Tourism operators in the Maldives have expressed concern over a government order to shut down all spas and health centres in resorts.
The ban followed allegations by an opposition Islamist party that spas were being used for prostitution.
Tourism is a key foreign exchange earner for the Maldives.
The islands are a popular destination for wealthy honeymooners and celebrities where luxury rooms can cost up to $12,000 (£7,748) a day.
The Maldives Association of Tourism Industry said the ban would harm the economy.
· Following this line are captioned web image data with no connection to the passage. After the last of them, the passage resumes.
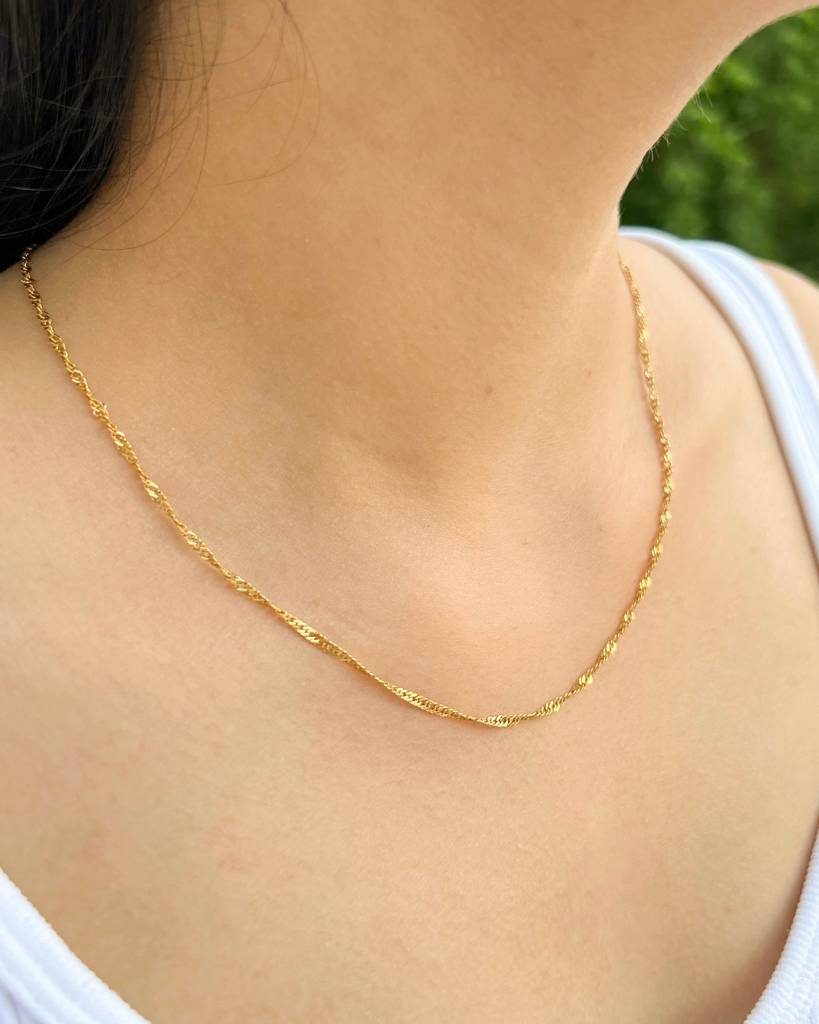 18K Gold Plated Thin Chain, Sia Necklace : N3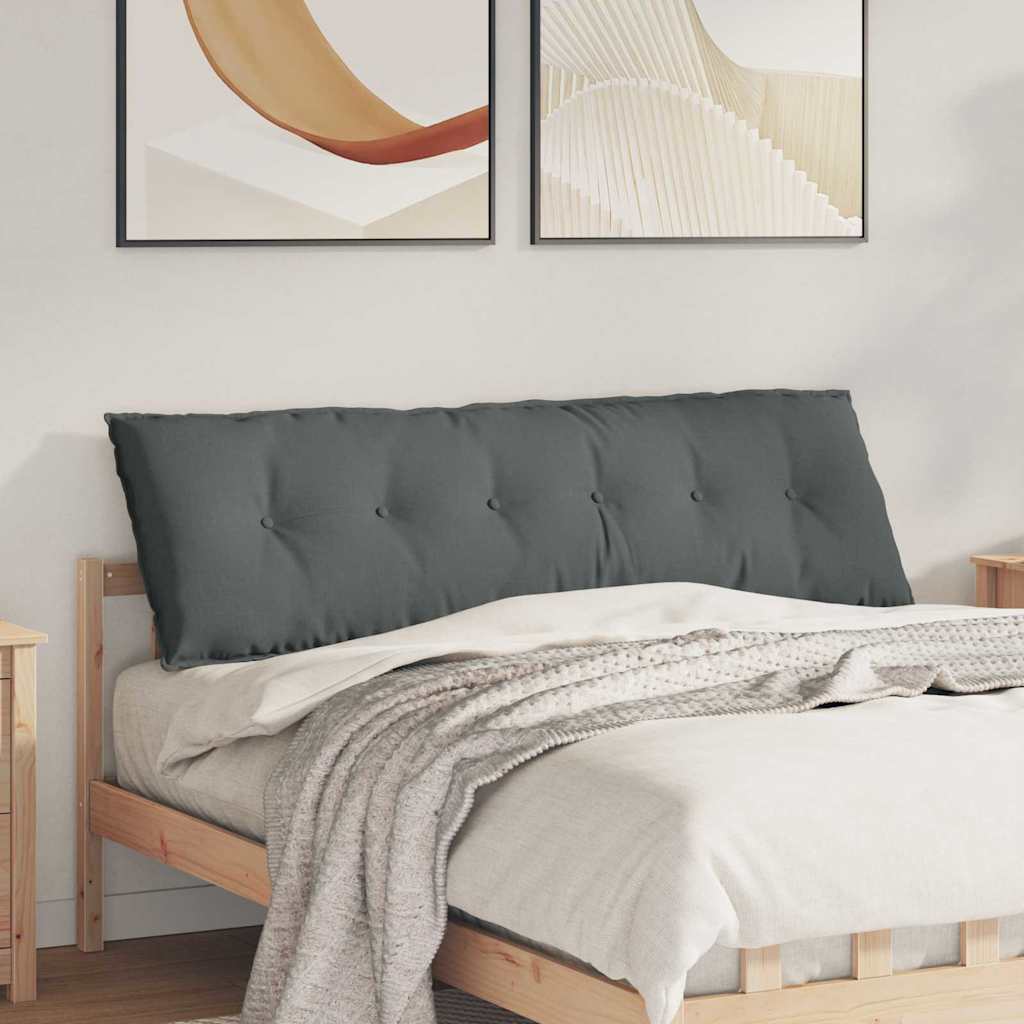 Vidaxl rugkussen donkergrijs 160 x 19 x 50 cm stof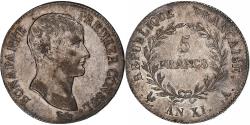 World Coins - France, Bonaparte Premier Consul, 5 Francs, An XI, Paris, Silver,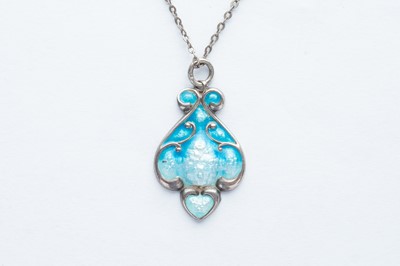Lot 53 - A Silver & Blue Enamel Pendant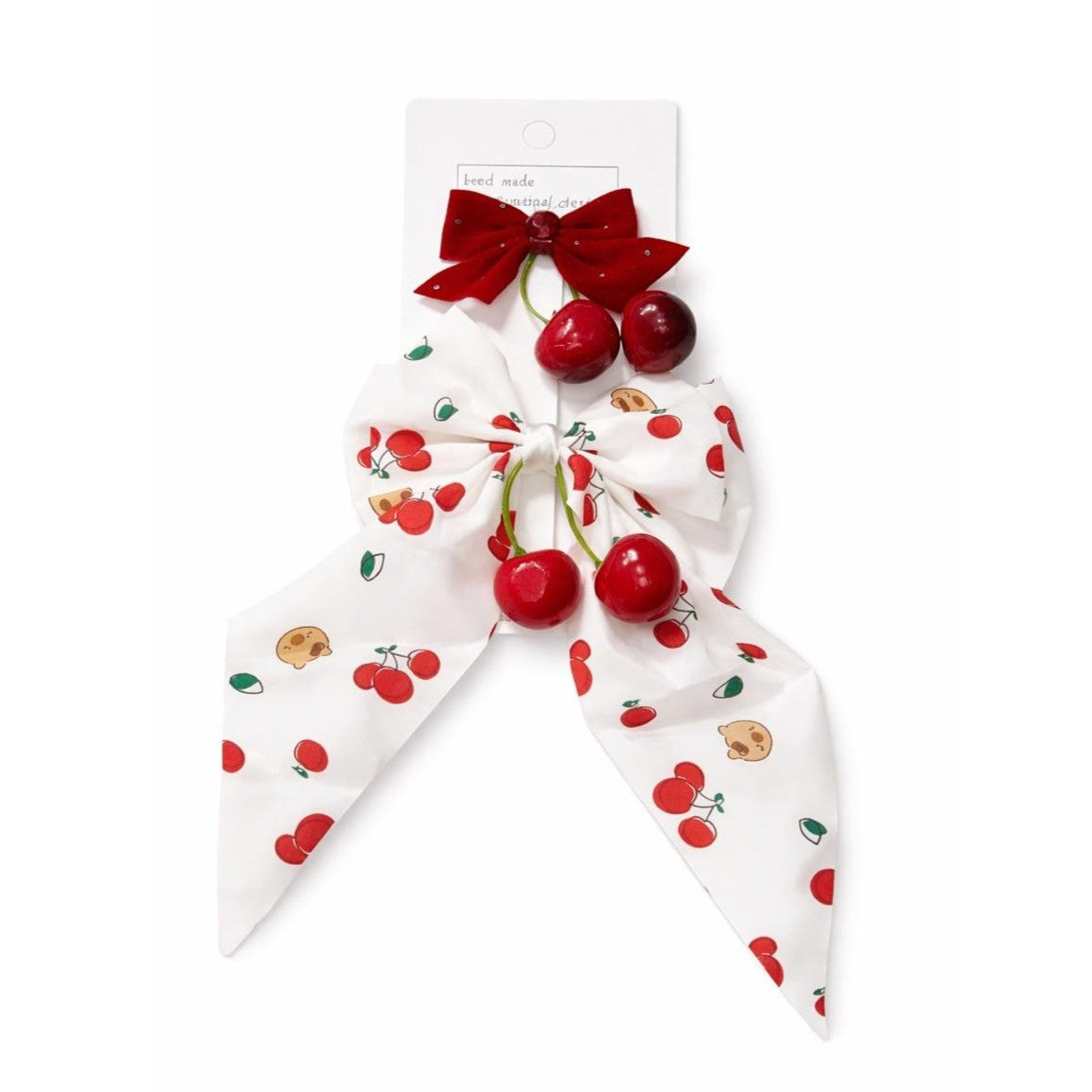 Cherry Charm Bow Hair Accessory Set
It has appealed for a resolution of the issue.
The tourism ministry on Thursday instructed all resort hotels across the hundreds of islands that make up the Maldives to shut down spas and health centres offering beauty treatments and massages with immediate effect.
Last week the opposition Adhaalath party, a conservative religious movement, staged a protest in the capital Male against such spas, arguing that they were being used as brothels.
"An Islamic party has been agitating against spas hoping to embarrass the government," a senior government figure told the AFP news agency.
So far this year the Indian Ocean country has received more than 850,000 tourists attracted to its turquoise blue lagoons and spectacular corals with multi-coloured fish.
Last week President Mohamed Nasheed called for a "tolerant" form of Islam in the country amid growing concern about the influence of hardline Islamic parties.
Industry sources say that they expect the government eventually to revoke the decision on spas because of the huge revenue earned from the business.